Planning and Conducting Simulation Studies in R (Part 2)

Carolin Strobl & Mirka Henninger


Half day short course (2:00pm – 5:00pm)

Short Course #3 ​

In the second part of this course, we will go through a potpourri of techniques for programming simulations in R more efficiently. In particular, we will discuss examples of what makes R code slow and fast, how to catch seldomly occurring errors through reproducibility, how to speed up simulations by means of parallelization and what needs to be taken into account for reproducible random number generation in R in general and particularly in parallelized code. In the end we will give a short outlook on other helpful work habits, such as using reproducible reports or Shiny Apps for presenting the results, how to work on Linux servers and why and how to use version control with git.

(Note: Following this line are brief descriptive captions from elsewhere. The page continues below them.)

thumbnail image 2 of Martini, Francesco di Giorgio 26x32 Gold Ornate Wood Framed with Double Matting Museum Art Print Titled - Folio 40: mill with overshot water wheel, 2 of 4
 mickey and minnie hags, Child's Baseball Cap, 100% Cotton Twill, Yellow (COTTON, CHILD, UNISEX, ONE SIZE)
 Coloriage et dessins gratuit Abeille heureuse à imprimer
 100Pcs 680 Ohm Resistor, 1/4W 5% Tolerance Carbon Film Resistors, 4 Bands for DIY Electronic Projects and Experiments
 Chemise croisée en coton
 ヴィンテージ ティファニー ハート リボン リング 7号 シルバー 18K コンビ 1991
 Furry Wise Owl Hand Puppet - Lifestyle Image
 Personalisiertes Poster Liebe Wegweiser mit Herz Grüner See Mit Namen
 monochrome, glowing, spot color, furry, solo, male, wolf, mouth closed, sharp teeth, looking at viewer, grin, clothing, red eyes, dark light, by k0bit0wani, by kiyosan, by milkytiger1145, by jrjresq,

The course will consist of a mix of slide presentations and hands-on exercises in R. The participants bring their own laptops with R (and if they like RStudio) installed. During the exercises, the instructors will walk around and help the participants working on their own laptops.

Intended Audience

The intended audience of the second part of the course is undergraduate and graduate students, faculty and researchers who already have some experience with simulations in R (or have attended the first part of the course in the morning) and would like to learn or review a few helpful tricks.

About the instructors

Carolin Strobl

 Carolin Strobl is a professor for Psychological Methods at the University of Zurich, Switzerland, with a background in psychology and statistics. Her group has contributed to several software packages related to machine learning and psychometrics in the free, open source software R. She has conducted various simulation studies over the years and has extensive expertise in teaching statistics and machine learning using R across various academic levels. This year, Carolin and her team will also publish a textbook on conducting simulation studies in R.

Mirka Henninger

 Mirka Henninger is an assistant professor for Statistics & Data Science at the University of Basel, Switzerland. Her background is in psychology, and her research is grounded at the intersection of psychometrics, machine learning, and multilevel modelling. Herein, she has conducted many simulation studies, and has been teaching statistics together R as a software tool for data analysis and programming at various academic levels. Mirka is also part of the team around Carolin publishing a textbook on how to plan and realize simulation studies in R.